Fingerless gloves have always had an aura of romance for me, conjuring up images of nineteenth-century heroes and heroines in chilly garrets or country houses, but until recently, I avoided wearing them. They seemed impractical—not enough coverage to keep fingers warm on a cold day outside, and unnecessary indoors. Then I moved into an early Victorian limestone house with a frosty third-floor library. Now I’m a convert. With these gloves on I can type or knit, and with warm wrists, the rest of me stays toasty. The snug fit ensures they don’t get in the way of busy hands. A thumb gusset positioned slightly toward the palm prevents the patterned back from torqueing out of alignment, and detailed instructions ensure a tidy join between thumb and hand. The stitch pattern is adapted from the gansey stitch, “Filey Steps”. Note that in order to maintain the feel of the original stitch, the cables are deliberately not mirrored within each glove; instead, each glove mirrors the other. By switching yarn weights and needle sizes, a single set of instructions becomes a “one size fits most” pattern, from small women through to medium sized men.

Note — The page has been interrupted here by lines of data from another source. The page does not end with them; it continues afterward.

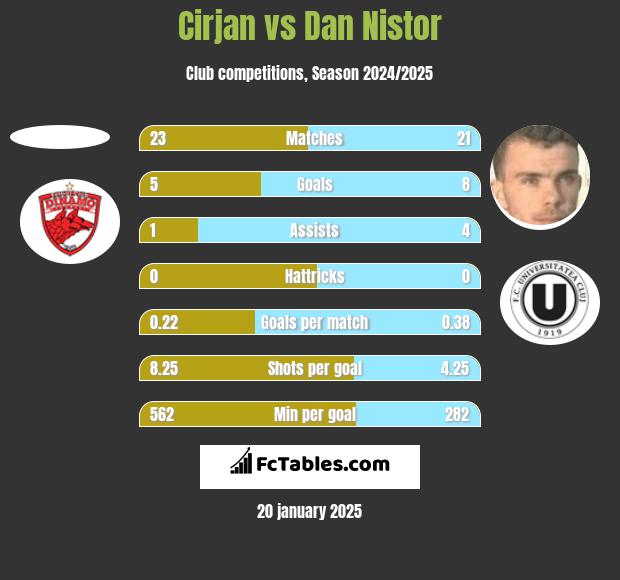 Cirjan vs Dan Nistor h2h player stats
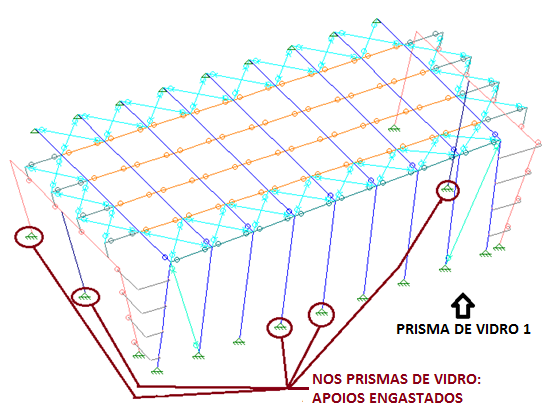 23 3.1 CONDIÇÕES DE APOIO Para o modelo de cálculo foram utilizados os apoios definidos a partir das ligações mostradas em projeto. Todos os pilares dos primas de vidro possuem apoios engastados.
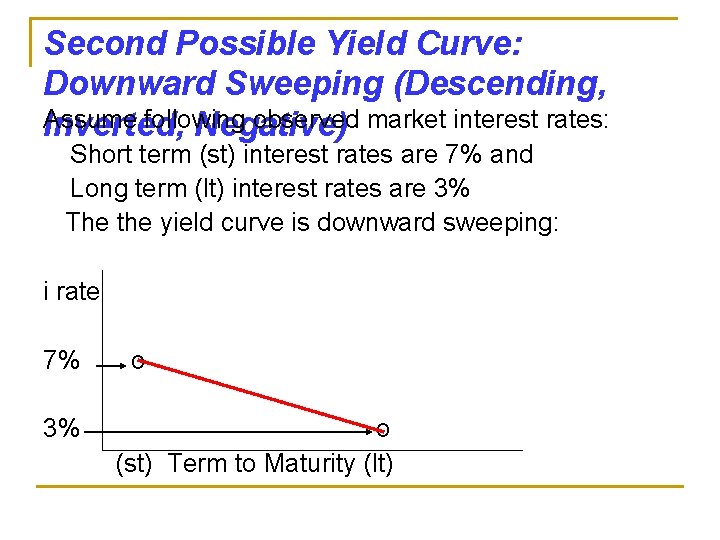 Second Possible Yield Curve: Downward Sweeping (Descending, Assume following observed market interest rates: Inverted,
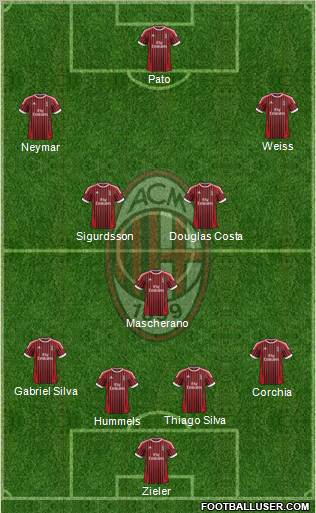 A.C. Milan Formation 2012
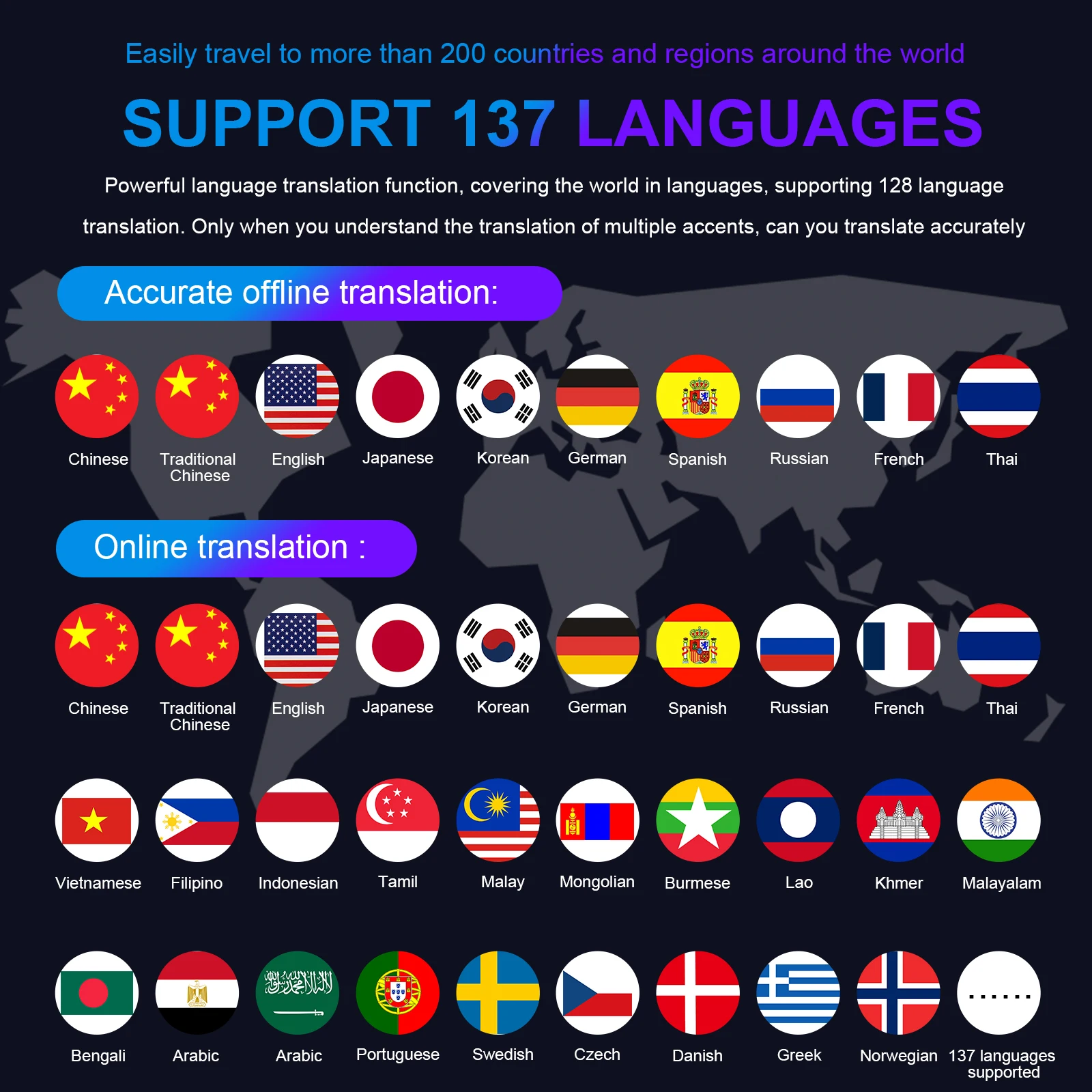 อุปกรณ์แปลภาษาพร้อมการแปลแบบออฟไลน์/ภาพถ่าย การแปลเสียงแบบเรียลไทม์ขนาด 4.0 นิ้ว รองรับ 137 ภาษา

Like socks, these gloves are knitted on smaller needles at a firmer gauge than usual for the suggested yarns. They are intended to fit closely and slightly stretched. Choose your needle size based on the needle size you would need to achieve the following sweater gauges,
S: 24 sts = 4”/ 10 cm
M: 22 sts = 4”/ 10 cm
L: 20 sts = 4”/ 10 cm
then GO DOWN TWO NEEDLE SIZES.
S and M take 1 skein of Chickadee. L takes 2 skeins of Owl or Owl Tweet, although only very little of the second skein.